5 of 6 people found the following review helpful
Well Worth Reading 23 Jan. 2007
By Dan Bogaty - Published on
Format: Hardcover
Alec Wilkinson, in "A Violent Act" has written a true crime documentary which is quite unlike most of the boilerplate true crime being written. This book, as opposed to much of the unintersting tripe being marketed, was obviously a long time in the writing.
This is a story about Mike Jackson, a dangerous small time burglar and hold-up man who kills his probation officer and leads authorities on a week long search. The book is well-written, literate and intelligent, and is obviously the product of extensive interviewing and research. The effects of the murder on the victim's family, which include some odd and increasingly strange contacts by the family of the killer, are discussed in detail. The major focus of the book however is Mike Jackson. I can not overemphasize the depth of the author's research and of his presentation of Jackson's life: the fact that early on he exhibited the inability to cope with simple childhood experiences; his inability to perform even the most menial jobs except criminal ones where no continuing personal interaction was necessary; the long stretches he spent in jail; and his descent into psychosis.
The reason I gave the book 4 rather than 5 stars is that I felt Wilkinson went on too long, and ultimately excessively, about the search efforts of the FBI and other police groups. While some of this was necessary and interesting, Wilkinson described the police efforts for each day of an effort that lasted over a week. Since most of these days were numbingly the same, Wilkinson's narrative also becomes numbing during this part of the book.
The in depth study of Mike Jackson is however superb. Wilkinson writes about him with such understanding and empathy that his writing about Jackson, a man who less talented writers would simply dismiss as an evil career criminal, sometimes approaches tenderness.
This book is well worth reading and will be appreciated by fans of true crime who are interested in real understanding an event.
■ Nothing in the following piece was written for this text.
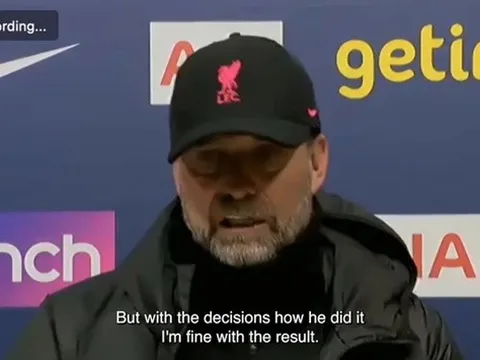 Klopp: "Chân cậu ấy sẽ gãy"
Lots of Facts Didn't Make the Killings Interesting 1 Sept. 2014
By Sandi Kay Wheatley - Published on
Format: Hardcover
The writer is in pure reportorial style. His sentences are short. His pace is sometimes plodding. He tells the story. Simply. While there's nothing inherently wrong in this, it's almost as if he's 'writing down' to his audience. We do get a full picture of both the crimes and the chase to hunt down the nut case who kills & abuses & steals on his spree. I found it hard to work up much sympathy for him and was frankly relieved that he ends his own life. The best part of the book for me was the fact that the author is able to render dialogue in a believable way and give one some sense of his interviews. I'd term it average because of the lack of interesting crime - but better than average because of careful research.
0 of 1 people found the following review helpful
Three Stars 21 Feb. 2015
By Lori Anderson - Published on
Format: Hardcover Verified Purchase
The wife of the murder officer is my neighbor. What an awful thing to go through.